**Work instruction:**
Output all of the data exactly as it appears, but leave out any pictures it contains.

[[ Extracted records, beginning ]]

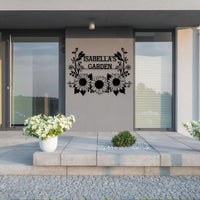 Sunflowers Custom Garden Sign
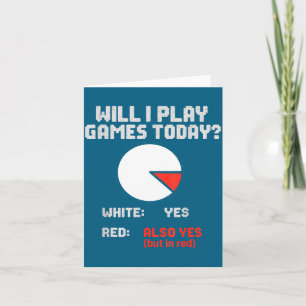 Tarjeta Juegos Divertidos Hoy Gráfico Sí Tarta Jugará Jueg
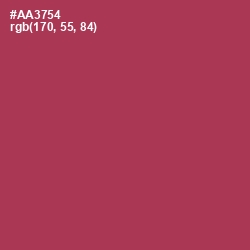 #AA3754 - Night Shadz Color Image
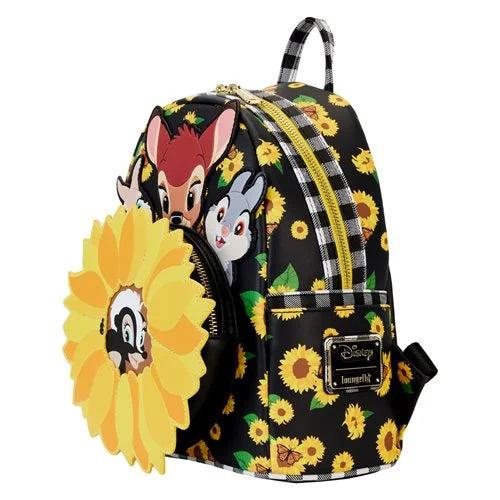 Loungefly Disney Bambi Sunflower Friends Mini Backpack lounge  fly mini backpack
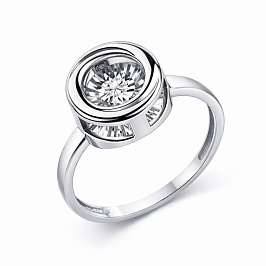 Кольцо из белого золота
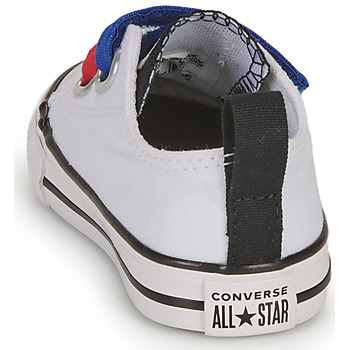 Converse INFANT CONVERSE CHUCK TAYLOR ALL STAR 2V EASY-ON SUMMER TWILL LO Vit / Blå / Röd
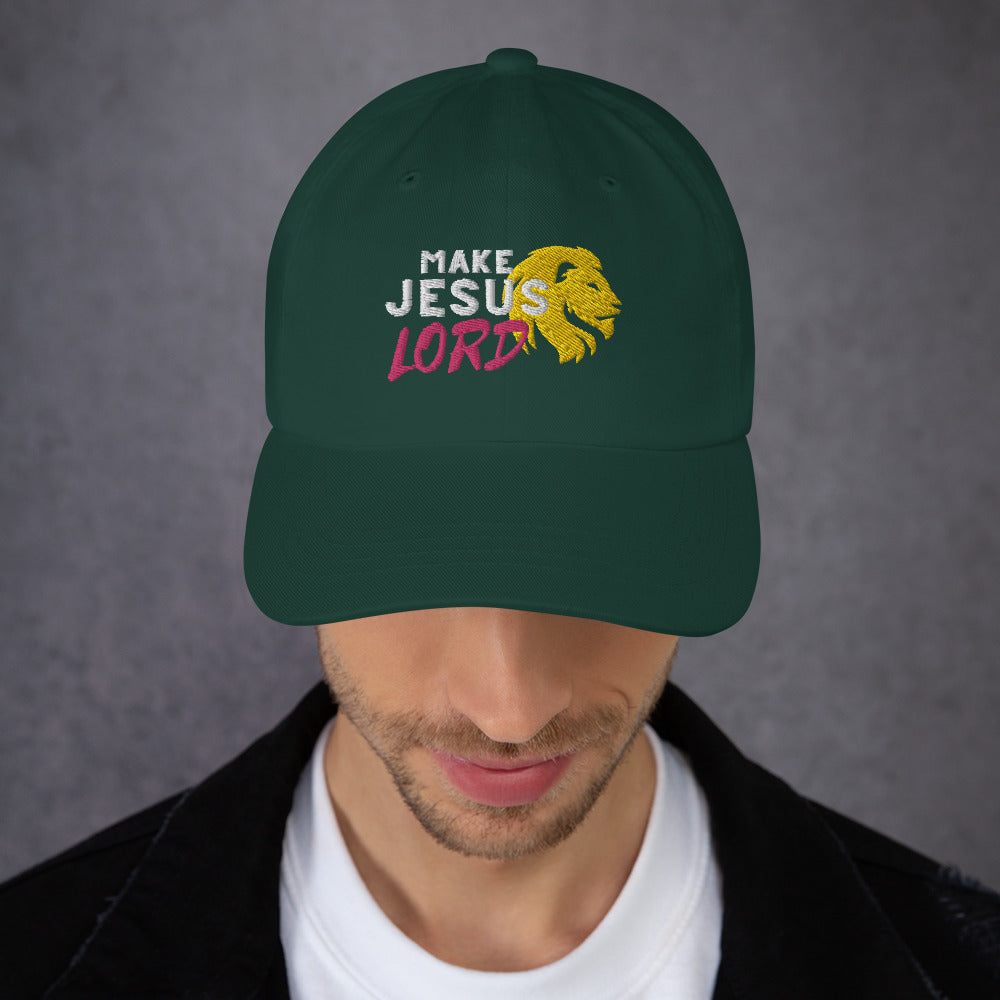 Make Jesus Lord Hat, Dad hat, Cool hat, Scripture hat, Christian girl hat, summer hat, couple hat, gift for him and her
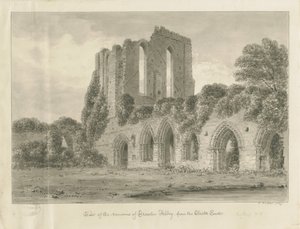 Croxden Abbey: dibujo en sepia de John Buckler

[[ Extracted records, end ]]

**Problem solution:**
 Sunflowers Custom Garden Sign
 Tarjeta Juegos Divertidos Hoy Gráfico Sí Tarta Jugará Jueg
 #AA3754 - Night Shadz Color Image
 Loungefly Disney Bambi Sunflower Friends Mini Backpack lounge  fly mini backpack
 Кольцо из белого золота
 Converse INFANT CONVERSE CHUCK TAYLOR ALL STAR 2V EASY-ON SUMMER TWILL LO Vit / Blå / Röd
 Make Jesus Lord Hat, Dad hat, Cool hat, Scripture hat, Christian girl hat, summer hat, couple hat, gift for him and her
 Croxden Abbey: dibujo en sepia de John Buckler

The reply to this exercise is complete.